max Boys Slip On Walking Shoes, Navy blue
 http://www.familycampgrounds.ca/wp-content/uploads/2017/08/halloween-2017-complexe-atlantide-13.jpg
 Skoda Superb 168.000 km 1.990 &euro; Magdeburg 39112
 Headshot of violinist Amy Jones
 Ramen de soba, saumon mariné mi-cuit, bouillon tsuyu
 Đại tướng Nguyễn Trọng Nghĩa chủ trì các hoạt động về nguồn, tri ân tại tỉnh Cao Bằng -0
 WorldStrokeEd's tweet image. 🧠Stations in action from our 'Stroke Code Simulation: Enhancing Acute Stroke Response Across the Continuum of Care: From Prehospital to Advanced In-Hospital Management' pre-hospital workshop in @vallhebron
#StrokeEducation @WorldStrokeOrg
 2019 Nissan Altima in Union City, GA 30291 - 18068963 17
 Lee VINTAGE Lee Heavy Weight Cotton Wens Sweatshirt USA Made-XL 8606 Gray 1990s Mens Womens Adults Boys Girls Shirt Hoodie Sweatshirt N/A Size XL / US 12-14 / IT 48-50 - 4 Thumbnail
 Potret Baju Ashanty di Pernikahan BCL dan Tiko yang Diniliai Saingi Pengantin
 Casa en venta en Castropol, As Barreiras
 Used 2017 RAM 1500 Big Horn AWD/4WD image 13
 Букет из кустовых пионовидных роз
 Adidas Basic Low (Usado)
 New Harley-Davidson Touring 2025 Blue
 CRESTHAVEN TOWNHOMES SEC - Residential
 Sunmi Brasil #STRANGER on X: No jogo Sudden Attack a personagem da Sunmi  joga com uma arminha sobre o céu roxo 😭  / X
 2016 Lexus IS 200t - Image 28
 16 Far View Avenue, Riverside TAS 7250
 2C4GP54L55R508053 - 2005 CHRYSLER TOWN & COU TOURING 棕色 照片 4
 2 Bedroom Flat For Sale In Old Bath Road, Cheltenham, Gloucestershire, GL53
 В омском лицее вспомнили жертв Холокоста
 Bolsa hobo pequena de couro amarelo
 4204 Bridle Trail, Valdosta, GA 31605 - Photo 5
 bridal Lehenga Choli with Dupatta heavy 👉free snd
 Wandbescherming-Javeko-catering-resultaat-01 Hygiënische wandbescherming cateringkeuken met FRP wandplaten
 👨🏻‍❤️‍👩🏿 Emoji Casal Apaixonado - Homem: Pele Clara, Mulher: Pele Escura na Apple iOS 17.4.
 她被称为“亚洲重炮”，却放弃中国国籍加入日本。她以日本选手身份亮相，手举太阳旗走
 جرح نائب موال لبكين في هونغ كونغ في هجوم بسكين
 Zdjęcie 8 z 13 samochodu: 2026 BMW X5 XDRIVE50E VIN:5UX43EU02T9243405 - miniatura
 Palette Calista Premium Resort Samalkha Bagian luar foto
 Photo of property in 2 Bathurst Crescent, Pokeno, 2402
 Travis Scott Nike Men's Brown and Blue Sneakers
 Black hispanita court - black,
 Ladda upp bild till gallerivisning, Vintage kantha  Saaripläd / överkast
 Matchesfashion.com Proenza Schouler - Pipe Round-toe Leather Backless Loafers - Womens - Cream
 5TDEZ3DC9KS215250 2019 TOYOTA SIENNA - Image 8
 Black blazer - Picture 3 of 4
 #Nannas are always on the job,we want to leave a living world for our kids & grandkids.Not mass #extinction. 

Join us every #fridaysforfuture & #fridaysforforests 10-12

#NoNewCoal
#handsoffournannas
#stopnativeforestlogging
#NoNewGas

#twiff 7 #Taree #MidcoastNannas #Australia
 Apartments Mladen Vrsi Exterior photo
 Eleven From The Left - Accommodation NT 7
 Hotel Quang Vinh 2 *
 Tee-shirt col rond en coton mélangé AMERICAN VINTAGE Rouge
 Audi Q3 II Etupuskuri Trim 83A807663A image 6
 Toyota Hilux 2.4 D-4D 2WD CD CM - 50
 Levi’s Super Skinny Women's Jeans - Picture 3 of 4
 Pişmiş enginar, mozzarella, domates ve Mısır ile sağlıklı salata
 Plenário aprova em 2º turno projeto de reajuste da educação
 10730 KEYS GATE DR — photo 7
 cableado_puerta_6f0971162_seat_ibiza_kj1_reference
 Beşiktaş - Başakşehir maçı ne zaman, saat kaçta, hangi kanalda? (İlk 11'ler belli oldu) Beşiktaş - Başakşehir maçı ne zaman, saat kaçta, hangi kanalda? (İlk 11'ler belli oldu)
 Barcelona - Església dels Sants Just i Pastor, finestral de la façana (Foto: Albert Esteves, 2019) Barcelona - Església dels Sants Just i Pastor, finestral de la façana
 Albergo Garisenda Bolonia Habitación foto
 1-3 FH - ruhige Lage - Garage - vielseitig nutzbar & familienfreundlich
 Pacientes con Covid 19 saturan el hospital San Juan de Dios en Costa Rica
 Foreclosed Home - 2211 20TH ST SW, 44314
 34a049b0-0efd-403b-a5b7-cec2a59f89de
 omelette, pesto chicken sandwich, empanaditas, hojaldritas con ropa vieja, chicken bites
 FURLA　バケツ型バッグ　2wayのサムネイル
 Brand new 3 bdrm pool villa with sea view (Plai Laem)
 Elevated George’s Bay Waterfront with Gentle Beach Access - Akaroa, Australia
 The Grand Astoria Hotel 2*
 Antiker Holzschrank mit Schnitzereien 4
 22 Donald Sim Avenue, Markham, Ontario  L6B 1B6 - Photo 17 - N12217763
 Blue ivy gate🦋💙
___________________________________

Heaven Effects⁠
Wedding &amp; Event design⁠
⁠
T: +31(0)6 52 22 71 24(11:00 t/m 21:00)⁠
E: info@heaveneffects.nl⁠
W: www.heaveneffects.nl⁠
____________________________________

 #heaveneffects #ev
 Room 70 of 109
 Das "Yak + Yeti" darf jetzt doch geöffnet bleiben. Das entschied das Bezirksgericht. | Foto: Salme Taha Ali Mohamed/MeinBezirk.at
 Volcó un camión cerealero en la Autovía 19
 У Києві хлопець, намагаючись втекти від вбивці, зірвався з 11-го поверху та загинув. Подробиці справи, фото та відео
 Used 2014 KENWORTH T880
◆ ◆ ◆
◆ **Work item**: All lines in the listing above from the line containing "Casa en venta en Castropol, As Barreiras" to the line containing "CRESTHAVEN TOWNHOMES SEC - Residential", inclusive, should be retyped exactly; no other lines should appear.

◆ **Exercise answer**:
 Casa en venta en Castropol, As Barreiras
 Used 2017 RAM 1500 Big Horn AWD/4WD image 13
 Букет из кустовых пионовидных роз
 Adidas Basic Low (Usado)
 New Harley-Davidson Touring 2025 Blue
 CRESTHAVEN TOWNHOMES SEC - Residential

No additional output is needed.